Doh! ... I should really start paying attention to the stuff in SVN, I
didn't even know there was a DisjunctionSumScorer -- this is exactly what
i was had in mind when i first started thinking about "Alternative #2",

But...

: This approach of course is based purely on the
: quantity of matching terms, not the quality-based

...this is what I'm worried about.

: measures in your example. As you suggest, quality is a
: combination of user-derived measures (boosts) and
: data-derived measures (tf,idf, docBoost). It sounds
: like a more informed  approach in principle but I'm
: not currently sure how it would be implemented
: efficiently in practice. Here's one possible approach

that's the thing, i'm thinking that if there was a subclass of
DisjunctionSumScorer (say "DisjunctionBoostSumScorer") that totaled the
sum of hte boosts of the sub-queries, and compared the sum of the boosts
of the queries that match ech doc against a percentage of the total, that
would be a very simple, inexpensive, calculaiotion that would at least
allow us to leverage the user-derived measures of the score -- if not the
data-derived measures.

Does that make sense?  Does it seem like taking advantage of the Boosts
instead of just the coord would be worthwhile?

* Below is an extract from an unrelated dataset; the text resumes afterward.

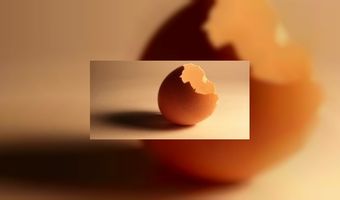 Minder honger door ontbijt met ei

: I have previously optimized large BooleanQueries
: generated by nGrams before now by taking only the top
: idf-ranked terms - purely to reduce query times. A
: similar approach could be used to automatically
: rewrite a BooleanQuery consisting of entirely optional
: terms into the equivalent of:
: +( my high idf terms) (low idf terms)

Alas, i don't know if that is a practical solution for my situation:

1) There is no guarantee that all possible sub-Queries can be decnstructed
into Terms, so you can't rank exclusively by idf (Consider for example the
Queries Yonik submited in bug#35796)

2) Even if we confine ourselfs to simple queries consisting purely of Term
queries, your suggested approach may over emphasise Terms that aren't
particularly important to the user -- or worse, terms that the user
misspelled or miss-remembered.

imagine a user is trying to search for the digital camera "Canon EOS 5D"
.. but when they saw the name of the camera in a magazine, they didn't
realize that the "EOS" is "ee oh es" they thought it was "ee zero es" so
they search for "Canon E0S 5D"

"E0S" may not even be in the index  giving it a really high idf -- which
based on your suggestion would make it a mandatory term so the results
would be empty.  Even if we had an explicit check to ignore terms with a
docFreq of 0, there might be one product that acctually contained "E0S" in
it's name, giving the user results that contain only that product --
ignoring all Canon products or products with "5D" in their names.